Umberto Mancini, Il Messaggero 2/11/2013, 2 novembre 2013
ALITALIA, IN PISTA I CINESI DI HNA
IL CASO
ROMA Come il più classico dei gialli, il destino di Alitalia si deciderà solo all’ultimo istante, ovvero il 16 novembre, data in cui Air France dovrà scoprire la carte per la ricapitalizzazione. Sempre che non si vada ai tempi supplementari, magari con un clamoroso colpo di scena. Perché al momento scommettere su chi la spunterà sarebbe davvero un azzardo. I francesi, come noto, giocano al gatto con il topo. Non solo per mischiare le carte e confondere i potenziali rivali (da Etihad ai cinesi di Hna), ma anche perché c’è una profonda spaccatura nel board e all’interno dello stesso governo francese. Come dire che Alexandre de Juniac, il grande capo di Air France, deve fare i conti con i forti dubbi dell’Eliseo che prima di dare il via libera ha chiesto (e ottenuto) una serie di garanzie e imposto severe condizioni. Dall’azzeramento della quota detenuta in Alitalia, peraltro prevista dopo l’abbattimento dei valori con l’aumento di capitale, alla richiesta della due diligence per valutare i conti fino in fondo, a un piano industriale lacrime e sangue con migliaia di esuberi e l’azzeramento del debito. Tutto finalizzato s’intende a prendere il vettore italiano a prezzi da saldo. Non è detto che la manovra riesca, ma è evidente che i francesi stanno compiendo ogni mossa sulla scacchiere per renderla possibile. Sono consapevoli del resto che il tempo gioca a loro favore, anche se il ministro dei Trasporti Maurizio Lupi ha fatto capire che il gioco di Parigi è fin troppo scoperto e che altre strade, qualora Air France mollasse la presa, sono percorribili.
I PRETENDENTI
Se Etihad resta il partner preferito (s’integrerebbe alla perfezione con il network della compagnia italiana e darebbe un grande slancio a Fiumicino), in queste ore sono tornati in pista i cinesi di Hna. A tenere i contatti è la banca d’affari Rothschild che ha intensificato il lavoro, inviando un corposo dossier sulle possibili sinergie.
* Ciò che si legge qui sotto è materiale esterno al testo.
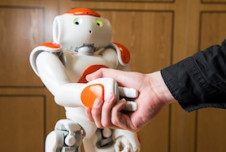 You Should Always Shake Hands with a Robot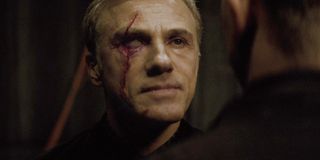 Christoph Waltz stares at Daniel Craig, boasting with a new facial scar, in Spectre.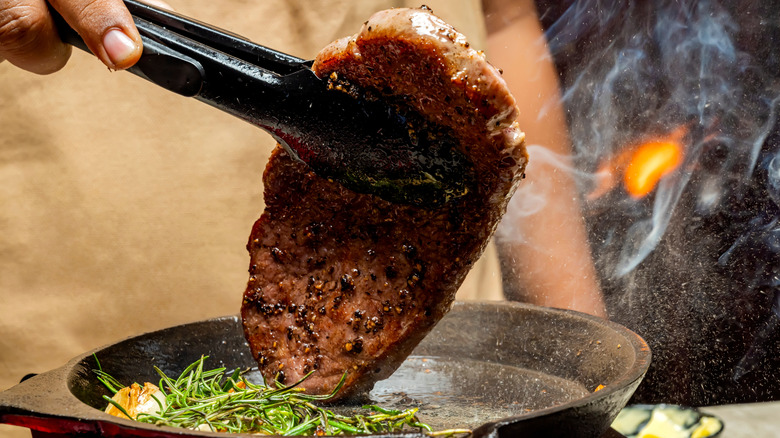 Picanha steak picked up by tongs from a pan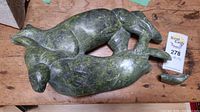 Top view of green carved stone sculpture with two animals intertwined and a broken flipper piece separated to the side.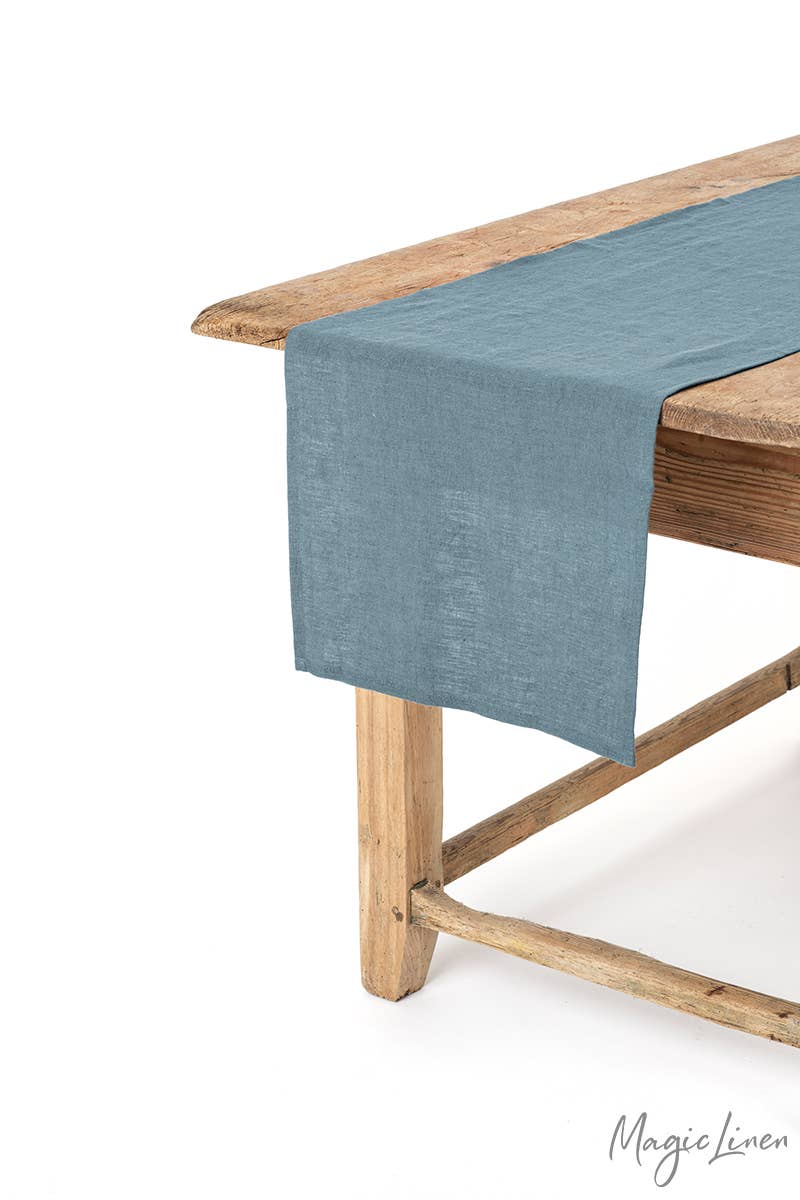MagicLinen - Linen table runner elegantly draped on a wooden table, showcasing its soft texture and decorative appeal, ideal for enhancing kitchen or dining settings.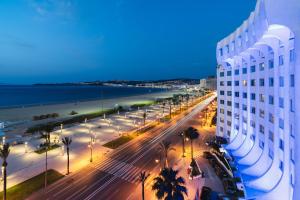 a view of a building and a beach at night at Kenzi Solazur in Tangier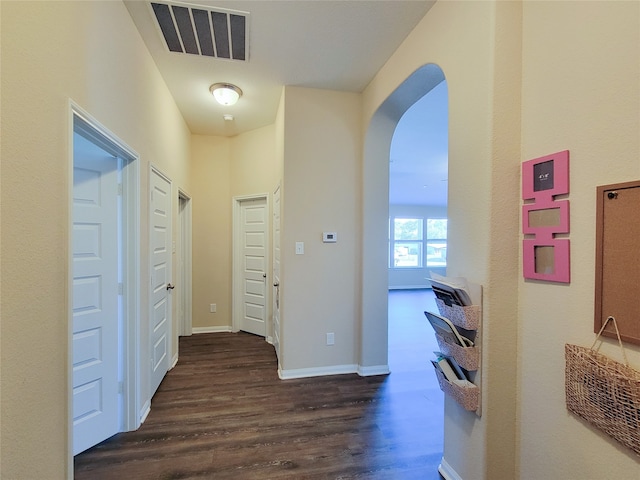 hall with dark hardwood / wood-style floors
Inutile dire che l’interesse c’è ed è concreto. Prima di avviare un discorso operativo c’è però da superare uno scoglio diplomatico. I cinesi non hanno nessuna intenzione di fare uno sgarbo a Parigi e sono disposti ad entrare in campo solo a patto di diventare il partner industriale di riferimento. «Giudicano di difficile gestione - spiegano gli uomini di Rothschild - un accordo in cui Air France possa avere un ruolo preponderante». Insomma, vogliono avere mani libere. Sulla stessa linea, manco a dirlo, il vettore di Dubai, che ha il vantaggio, almeno sulla carta, di aver già incontrato il management di Alitalia, approfondendo il discorso sia sotto il profilo industriale che per quanto riguarda gli aspetti più operativi. Certo anche qui siano solo a livello di contatti informali, perché in questa fase così caotica nessuno vuole scoprirsi.
L’unica cosa certa è che sia Alitalia sia Poste sono al lavoro. La prima per mettere a punto il piano stand alone, la seconda per definire meglio le sinergie da 100 milioni.